To load and plot the eeg-alcohol dataset from the library:

from imputegap.recovery.manager import TimeSeries
from imputegap.tools import utils

# initialize the time series object
ts = TimeSeries()

# load and normalize the dataset from the library
ts.load_series(utils.search_path("eeg-alcohol"), normalizer="z_score")

# print and plot a subset of time series
ts.print(nbr_series=4, nbr_val=4)
ts.plot(input_data=ts.data, nbr_series=6, nbr_val=100, save_path="./imputegap_assets")

The module ts.datasets contains all the publicly available datasets provided by the library. They can be listed as follows:

from imputegap.recovery.manager import TimeSeries
ts = TimeSeries()
print(f"ImputeGAP datasets : {ts.datasets}")

To load your own dataset, add the path to your file in the ts.load_series function.

from imputegap.recovery.manager import TimeSeries
ts = TimeSeries()
ts.load_series("./my_path/my_file.txt")
ts.print()

To import the time series as a matrix, pass it as an argument of the ts.import_matrix function:

from imputegap.recovery.manager import TimeSeries
ts = TimeSeries()
mat = [[2,3,9], [3,10,5], [-1,4,5], [0,0,0]]
ts.import_matrix(mat)
ts.print()

GenGap: Missing Data Simulation¶

ImputeGAP implements a module to simulate different missingness patterns in time series.

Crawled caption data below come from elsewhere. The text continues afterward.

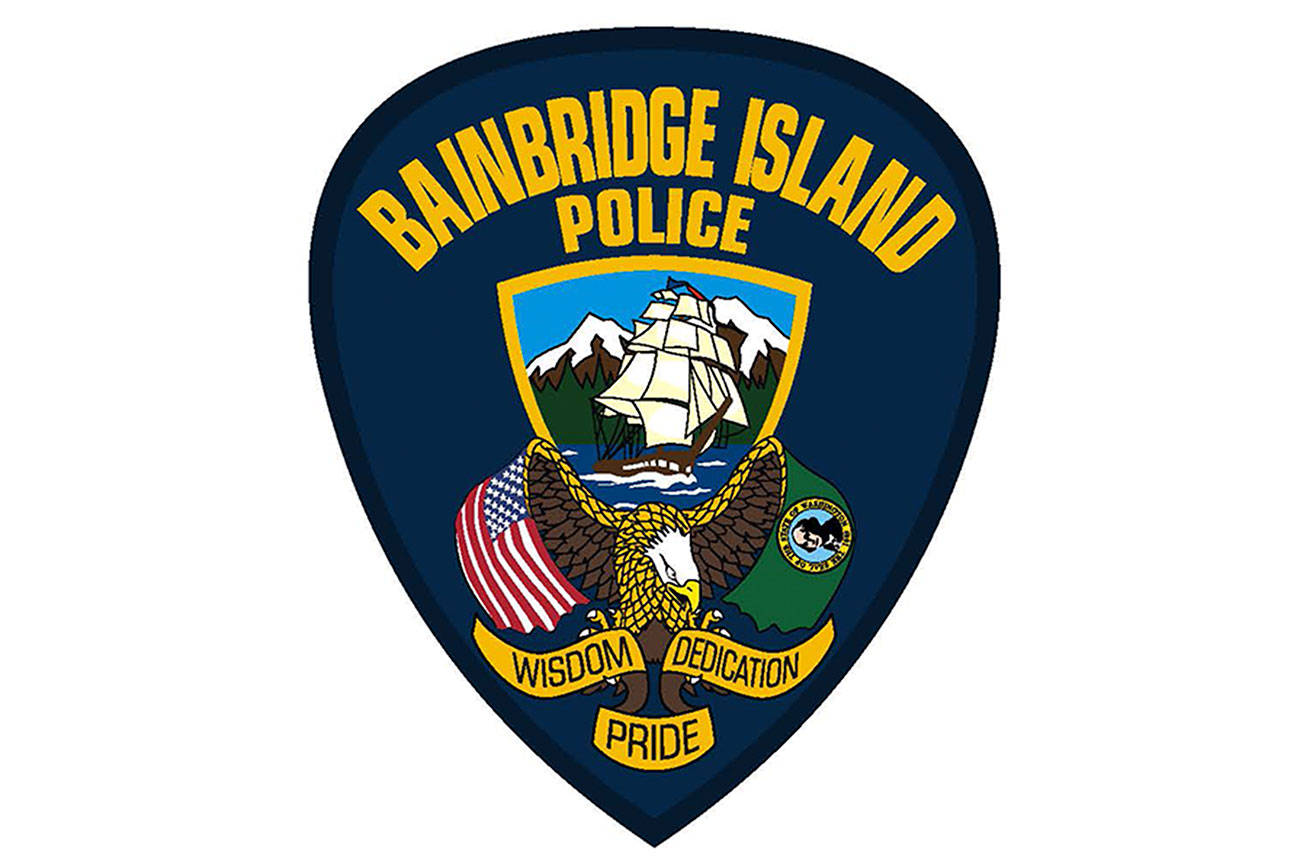 Bainbridge blotter | Lost driver hits tree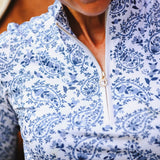 The Proper Fox Paisley Sun Shirt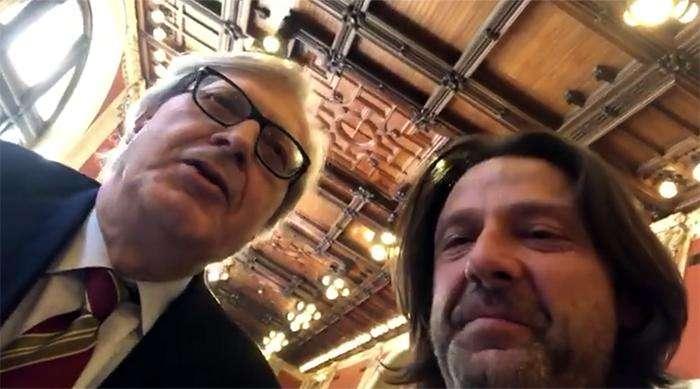 Sgarbi e Caiata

The GenGap module can be invoked externally. The patterns are described here.

As example, we show how to contaminate the eeg-alcohol dataset with the MCAR pattern:

from imputegap.recovery.manager import TimeSeries
from imputegap.recovery.contamination import GenGap
from imputegap.tools import utils

# initialize the time series object
ts = TimeSeries()

# load and normalize the dataset
ts.load_series(utils.search_path("eeg-alcohol"), normalizer="z_score")

# contaminate the time series with MCAR pattern
ts_m = GenGap.mcar(ts.data, rate_dataset=0.2, rate_series=0.4, block_size=10, seed=True)

# plot the contaminated time series
ts.plot(ts.data, ts_m, nbr_series=9, subplot=True, save_path="./imputegap_assets/contamination")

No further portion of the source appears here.